After 22 years, Gambians can vote in parliamentary elections
Parties divided after dictator Jammeh exiled
BANJUL, GAMBIA | Many Gambians hope to secure a transition from decades of dictatorship to democracy Thursday as they vote in parliamentary elections, the first since longtime leader Yahya Jammeh flew into exile in January. But some worry the coalition that put new President Adama Barrow in place is already seeing cracks.
The National Assembly vote ushers in a new era for the tiny West African country, whose leaders say they want to steer the nation toward reconciliation. More than 1.8 million Gambians were ruled for 22 years by Mr. Jammeh, whose government was accused of human rights abuses. He lost the December election to Mr. Barrow, who was backed by a coalition of eight opposition parties. For weeks, Mr. Jammeh refused to leave power in a political standoff that brought regional countries to the brink of a military intervention.
Mr. Jammeh’s eventual flight into exile was a dramatic moment for many in Africa, where a number of leaders have clung to power for decades.
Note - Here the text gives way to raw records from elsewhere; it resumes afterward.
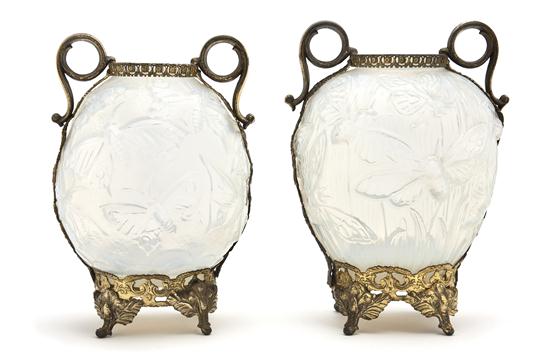 A Near Pair of Gilt Metal Mounted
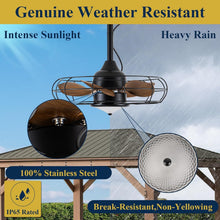 Load image into Gallery viewer, Quiet 20'' Outdoor Ceiling Fan with 3-Color Lighting – Remote Control for Patios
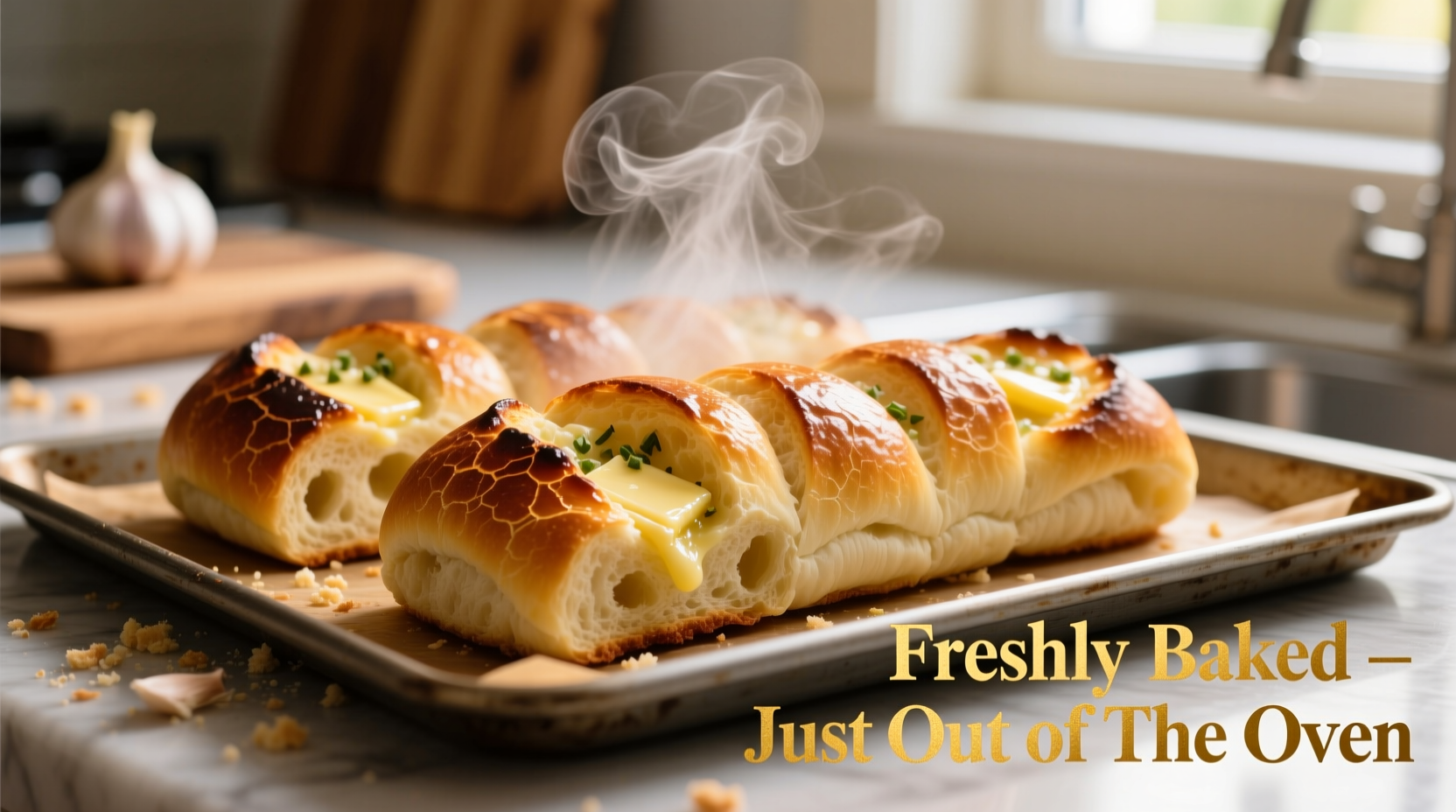 Golden garlic bread rolls fresh from oven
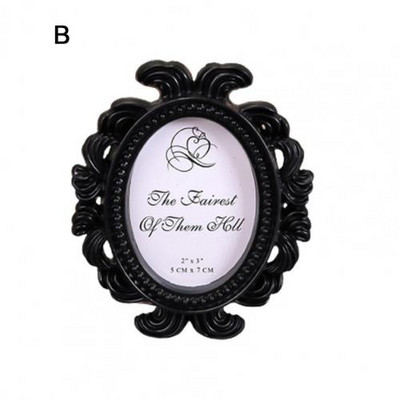 Retro virágos képkeret elliptikus asztali képkeret dísz kis barokk fotótartó fotó kellék esküvői lakberendezési ajándék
The new government under Mr. Barrow, a onetime real estate developer, has promised to right the wrongs of the past, setting up a truth and reconciliation process. Many Gambians fear that if the new parliament doesn’t strike the right balance, their vote in December could be compromised.
The eight opposition parties that backed Mr. Barrow as a coalition are now running as separate parties against the representatives of Mr. Jammeh’s former ruling party and the one opposition party that didn’t join the coalition, the Gambia Democratic Congress. They also face some 42 independent candidates.
Some worry that divisions among the parties that united to oust Mr. Jammeh are starting to show.
“I don’t still understand why party leaders let this happen,” said one Gambian, Ebrima Jobe, shaking his head. He said he was disheartened that after all the efforts to form a coalition to end Mr. Jammeh’s rule, the parties are acting in a way that could threaten the future that Gambians wanted.
Isatou Jarjue, a market vendor, agreed. “I am confused by the lack of unity,” she said, adding that only prayers could help the coalition parties emerge victorious in the National Assembly polls.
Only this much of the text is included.